Exercise brief
Begin with the first line below and retype each line exactly through the line containing "Tavolino d'appoggio con". Any pictures are to be left out.

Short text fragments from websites
:::::

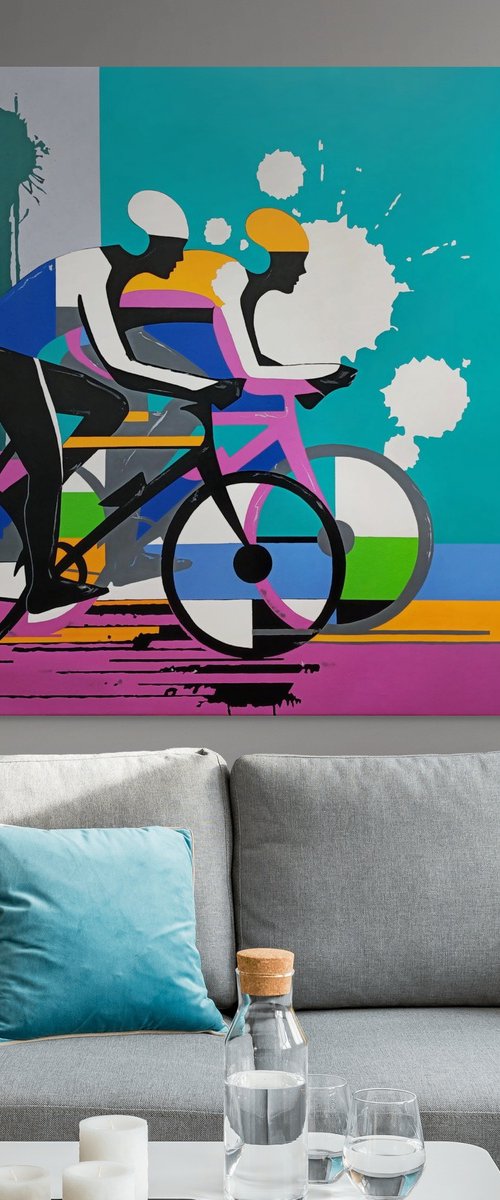 Bright Abstract Cyclists by Evgen Semenyuk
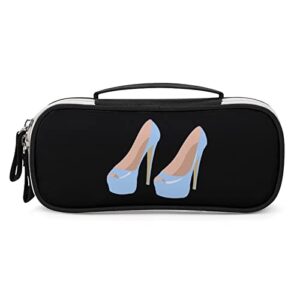 high heel printed pencil case bag stationery pouch with handle portable makeup bag desk organizer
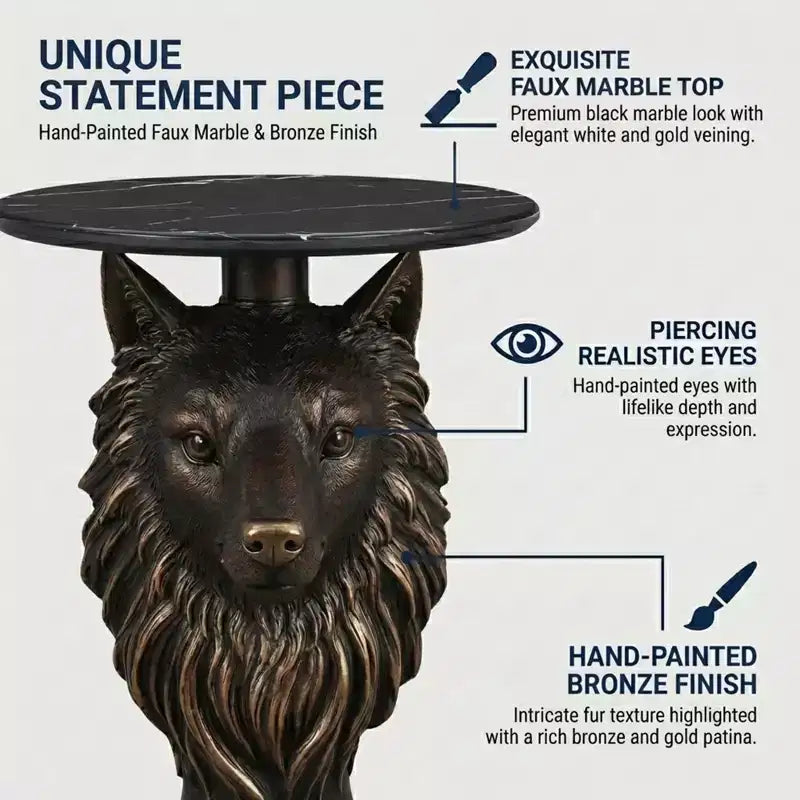 Tavolino d'appoggio con testa di lupo, Tavolino con statua di animale per l'arredamento del soggiorno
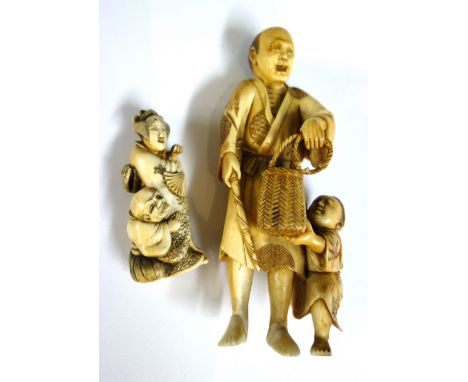 A Japanese ivory netsuke of a bijin, Meiji period, standing with a leering old man kneeling at her side, signed, 6.5cm. high;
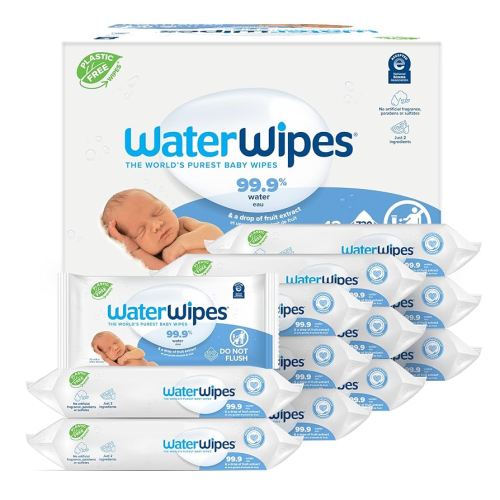 WaterWipes Original Baby Wipes, 99.9% Water, 3-In-1 Cleans, Cares, Protects, Unscented & Hypoallergenic, 720 Count (12 Packs), Packaging May Vary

:::::

Problem solution
 Bright Abstract Cyclists by Evgen Semenyuk
 high heel printed pencil case bag stationery pouch with handle portable makeup bag desk organizer
 Tavolino d'appoggio con testa di lupo, Tavolino con statua di animale per l'arredamento del soggiorno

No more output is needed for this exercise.